# Statistics and Statistical Programming (Winter 2017)/R lecture outline: Week 7

• correlations
• cor(): works with two variables, or with more!
• cor(method="spearman") is useful if you have non-normally distributed data because it is simply rank correlations)
• fitting a linear model with one variable: lm()
• module formulae, which we've already seen!
• looking at model objects: summary(); m\$<tab> or names(m)
• m\$fitted.values; m\$residuals
• also functions: coefficients(m) (or coef), predict(m), residuals(m) (or resid); confint(m)
• we can also do these by hand:
• residuals: mtcars\$mpg - m\$fitted.values
• confint: est + 1.96 * c(-1, 1) * se
• plotting residuals:
• hist(residuals(m))
• plot against our x: plot(mtcars\$hp, residuals(m)
• QQ-plots with qqnorm(residuals(m))
• doing a plot with ggplot just involves making a dataset: d.fig <- data.frame(hp=mtcars\$hp, resids=residuals(m))
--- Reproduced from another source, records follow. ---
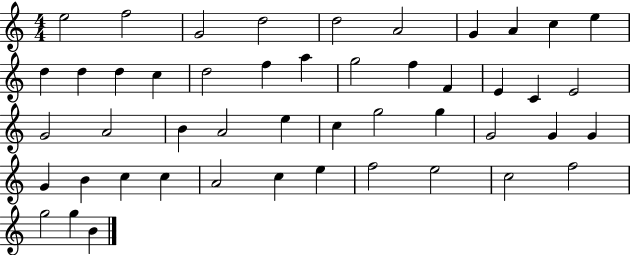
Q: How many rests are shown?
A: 0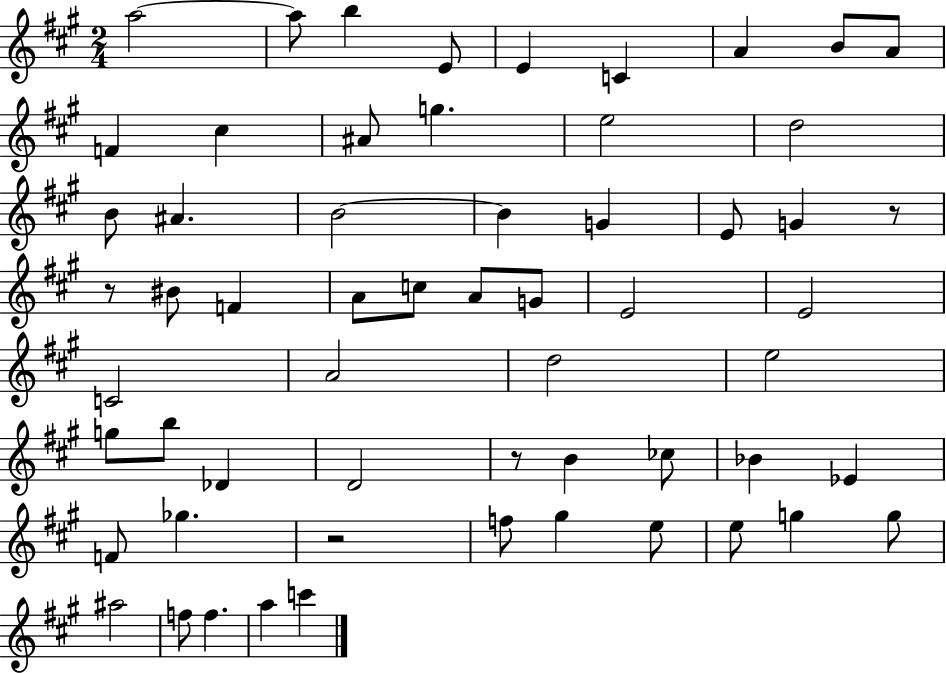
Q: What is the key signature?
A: A major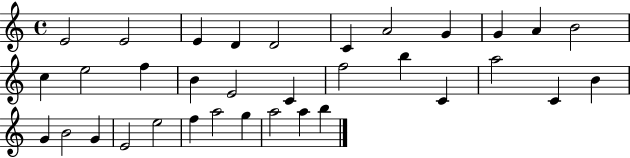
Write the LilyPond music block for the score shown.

{
  \clef treble
  \time 4/4
  \defaultTimeSignature
  \key c \major
  e'2 e'2 | e'4 d'4 d'2 | c'4 a'2 g'4 | g'4 a'4 b'2 | \break c''4 e''2 f''4 | b'4 e'2 c'4 | f''2 b''4 c'4 | a''2 c'4 b'4 | \break g'4 b'2 g'4 | e'2 e''2 | f''4 a''2 g''4 | a''2 a''4 b''4 | \break \bar "|."
}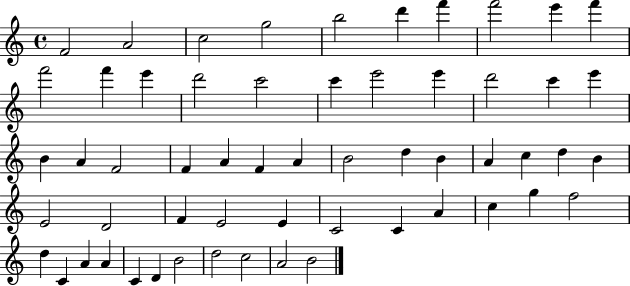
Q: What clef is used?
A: treble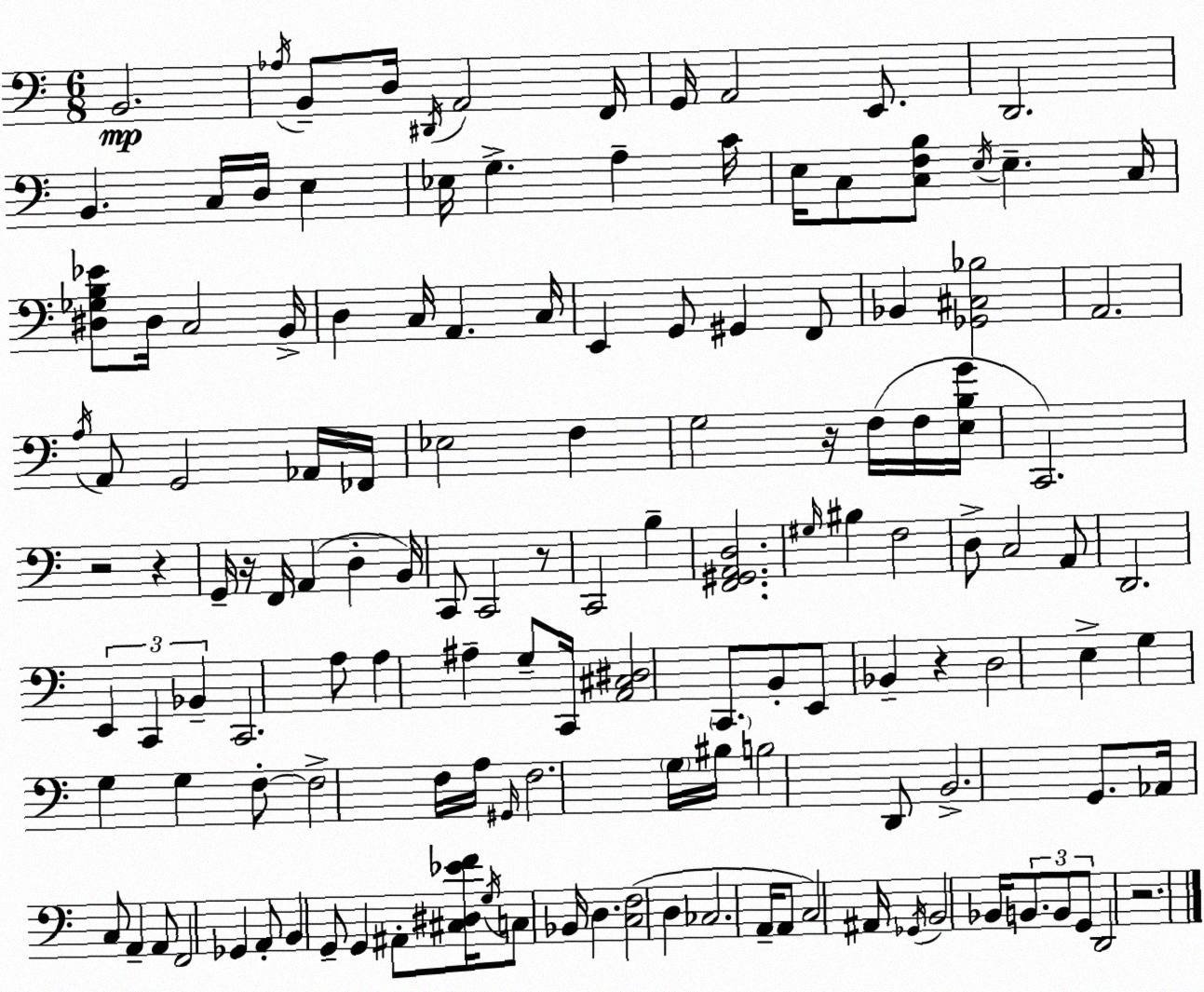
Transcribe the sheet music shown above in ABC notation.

X:1
T:Untitled
M:6/8
L:1/4
K:Am
B,,2 _A,/4 B,,/2 D,/4 ^D,,/4 A,,2 F,,/4 G,,/4 A,,2 E,,/2 D,,2 B,, C,/4 D,/4 E, _E,/4 G, A, C/4 E,/4 C,/2 [C,F,B,]/2 E,/4 E, C,/4 [^D,_G,B,_E]/2 ^D,/4 C,2 B,,/4 D, C,/4 A,, C,/4 E,, G,,/2 ^G,, F,,/2 _B,, [_G,,^C,_B,]2 A,,2 A,/4 A,,/2 G,,2 _A,,/4 _F,,/4 _E,2 F, G,2 z/4 F,/4 F,/4 [E,B,G]/4 C,,2 z2 z G,,/4 z/4 F,,/4 A,, D, B,,/4 C,,/2 C,,2 z/2 C,,2 B, [F,,^G,,A,,D,]2 ^G,/4 ^B, F,2 D,/2 C,2 A,,/2 D,,2 E,, C,, _B,, C,,2 A,/2 A, ^A, G,/2 C,,/4 [A,,^C,^D,]2 C,,/2 B,,/2 E,,/2 _B,, z D,2 E, G, G, G, F,/2 F,2 F,/4 A,/4 ^G,,/4 F,2 G,/4 ^B,/4 B,2 D,,/2 B,,2 G,,/2 _A,,/4 C,/2 A,, A,,/2 F,,2 _G,, A,,/2 B,, G,,/2 G,, ^A,,/2 [^C,^D,_EF]/4 G,/4 C,/2 _B,,/4 D, [C,F,]2 D, _C,2 A,,/4 A,,/2 C,2 ^A,,/4 _G,,/4 B,,2 _B,,/4 B,,/2 B,,/2 G,,/2 D,,2 z2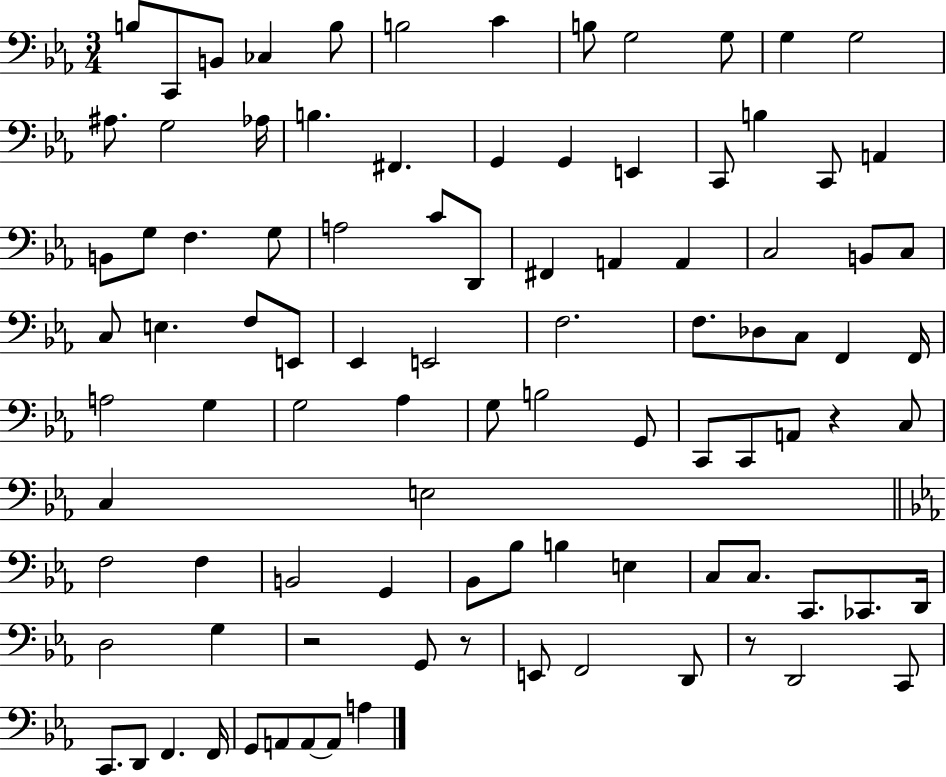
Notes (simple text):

B3/e C2/e B2/e CES3/q B3/e B3/h C4/q B3/e G3/h G3/e G3/q G3/h A#3/e. G3/h Ab3/s B3/q. F#2/q. G2/q G2/q E2/q C2/e B3/q C2/e A2/q B2/e G3/e F3/q. G3/e A3/h C4/e D2/e F#2/q A2/q A2/q C3/h B2/e C3/e C3/e E3/q. F3/e E2/e Eb2/q E2/h F3/h. F3/e. Db3/e C3/e F2/q F2/s A3/h G3/q G3/h Ab3/q G3/e B3/h G2/e C2/e C2/e A2/e R/q C3/e C3/q E3/h F3/h F3/q B2/h G2/q Bb2/e Bb3/e B3/q E3/q C3/e C3/e. C2/e. CES2/e. D2/s D3/h G3/q R/h G2/e R/e E2/e F2/h D2/e R/e D2/h C2/e C2/e. D2/e F2/q. F2/s G2/e A2/e A2/e A2/e A3/q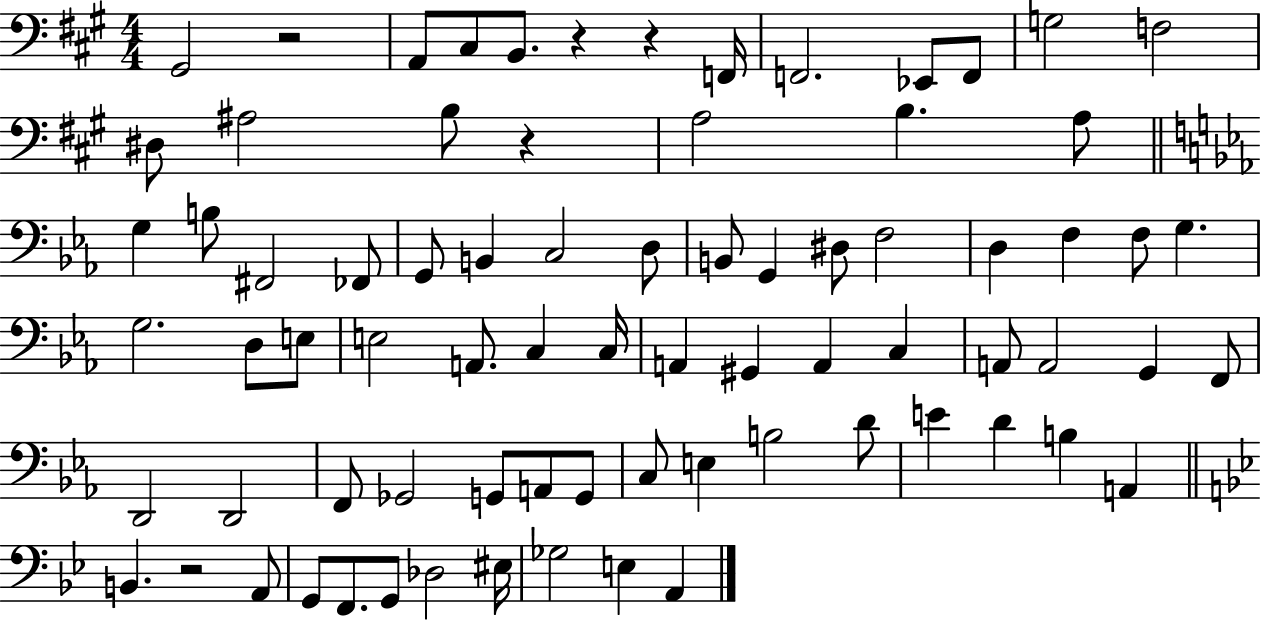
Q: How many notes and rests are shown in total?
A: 77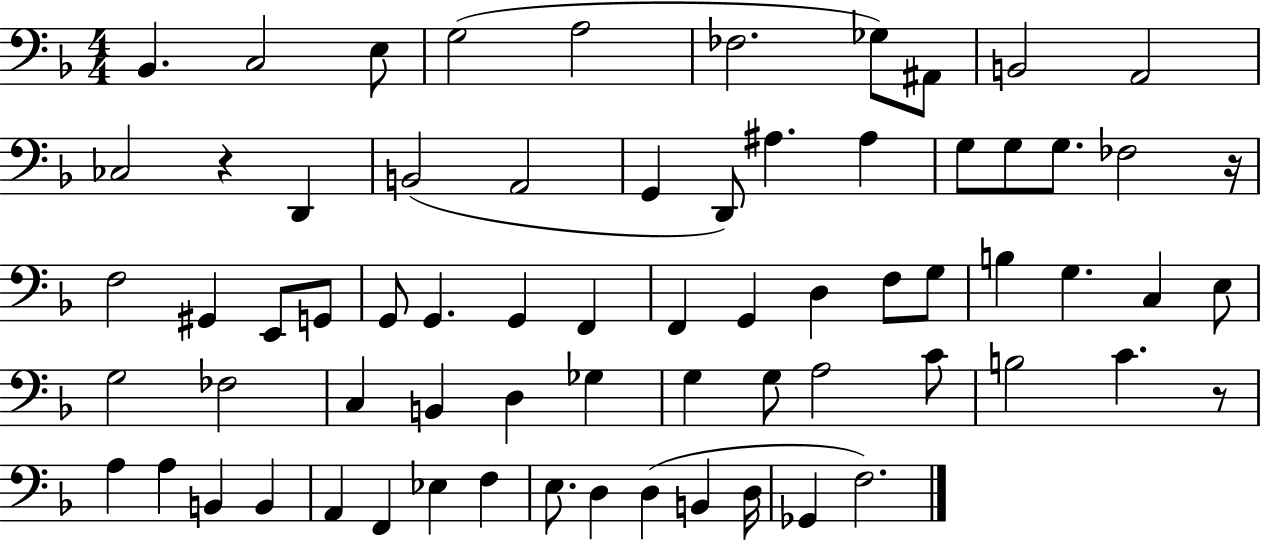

• adding controls: just make our formula more complex
• update.formula()
• or just a write a new one
• adding logical variables: no problem!
• adding categorical variables: no problem! (I'll explain interpretation later, but i want you to see that this works!)
• generating nice regression plots:
• one of many options: stargazer(m1, m2, type="text") or type="html"
• interpreting linear models with anova() — i'm not going to walk through the details but the important thing to keep in mind is that although the statistics are different, the p-values are identical!